Pictures aside, repeat every entry exactly.

··· Task input ···

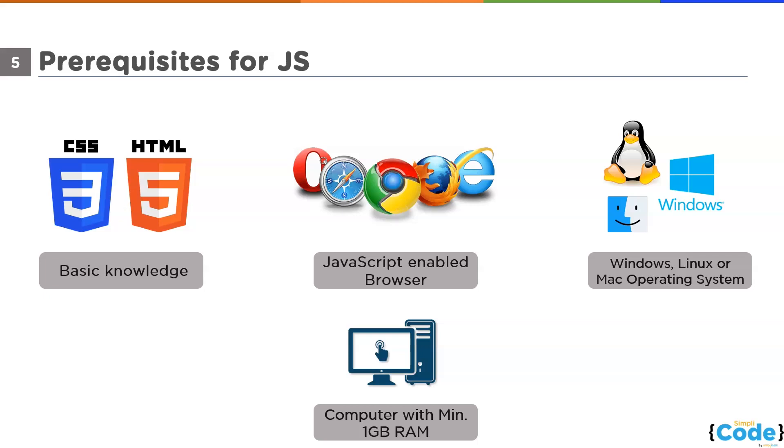You can use any text editor. You have Notepad which is free and is already available for Windows. If you don't want to use Notepad, you can use other free softwares like Sublime or you can use Visual Code. In this particular course, we will be using Visual Code and I will tell you how to install Visual Code and what are the features of Visual Code also.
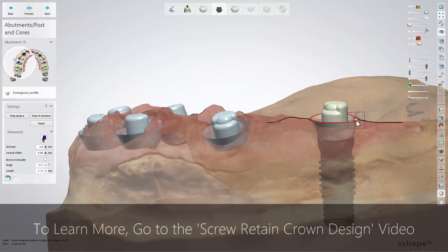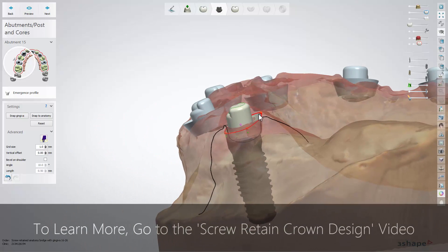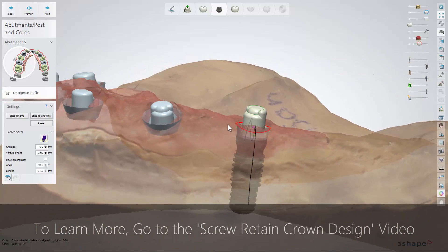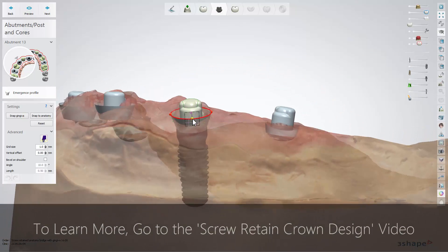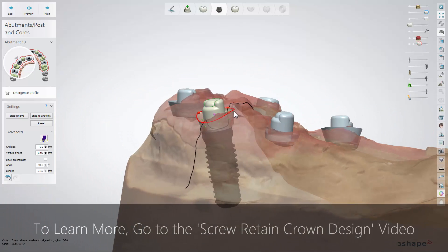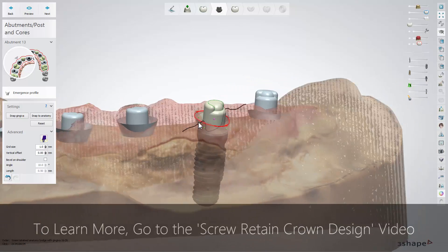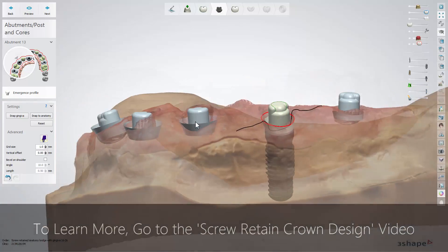At this design stage you can shape the emergence profiles of each bridge abutment. It is easily done on the translucent models due to the visible contour lines. Start with positioning the control points of the emergence profile at the required level in relation to the gum edge, usually about 1mm below the gingiva level. When activated, the points show the grid mesh, which helps you to measure distances.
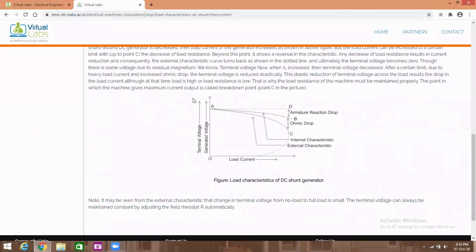This graph shows the load characteristics of the DC generator. In the ideal case with no losses, the characteristics would be a straight line. But practically, some voltage drop occurs — as the load increases, the voltage value drops due to armature reaction. Armature reaction means the armature flux opposes the main field flux, causing the voltage value to decrease.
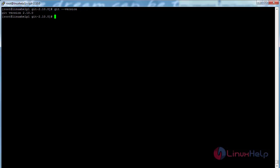And press enter. Here you can see the version of Git that has been installed—it is 2.10.0, and it is the latest version. Thank you for watching.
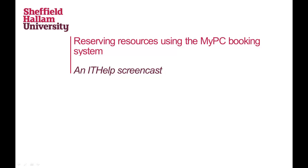This screencast will show you how to book resources around the university using the MyPC booking system.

···

**Exercise answer**
You can use any text editor. You have Notepad which is free and is already available for Windows. If you don't want to use Notepad, you can use other free softwares like Sublime or you can use Visual Code. In this particular course, we will be using Visual Code and I will tell you how to install Visual Code and what are the features of Visual Code also.
At this design stage you can shape the emergence profiles of each bridge abutment. It is easily done on the translucent models due to the visible contour lines. Start with positioning the control points of the emergence profile at the required level in relation to the gum edge, usually about 1mm below the gingiva level. When activated, the points show the grid mesh, which helps you to measure distances.
This graph shows the load characteristics of the DC generator. In the ideal case with no losses, the characteristics would be a straight line. But practically, some voltage drop occurs — as the load increases, the voltage value drops due to armature reaction. Armature reaction means the armature flux opposes the main field flux, causing the voltage value to decrease.
And press enter. Here you can see the version of Git that has been installed—it is 2.10.0, and it is the latest version. Thank you for watching.
This screencast will show you how to book resources around the university using the MyPC booking system.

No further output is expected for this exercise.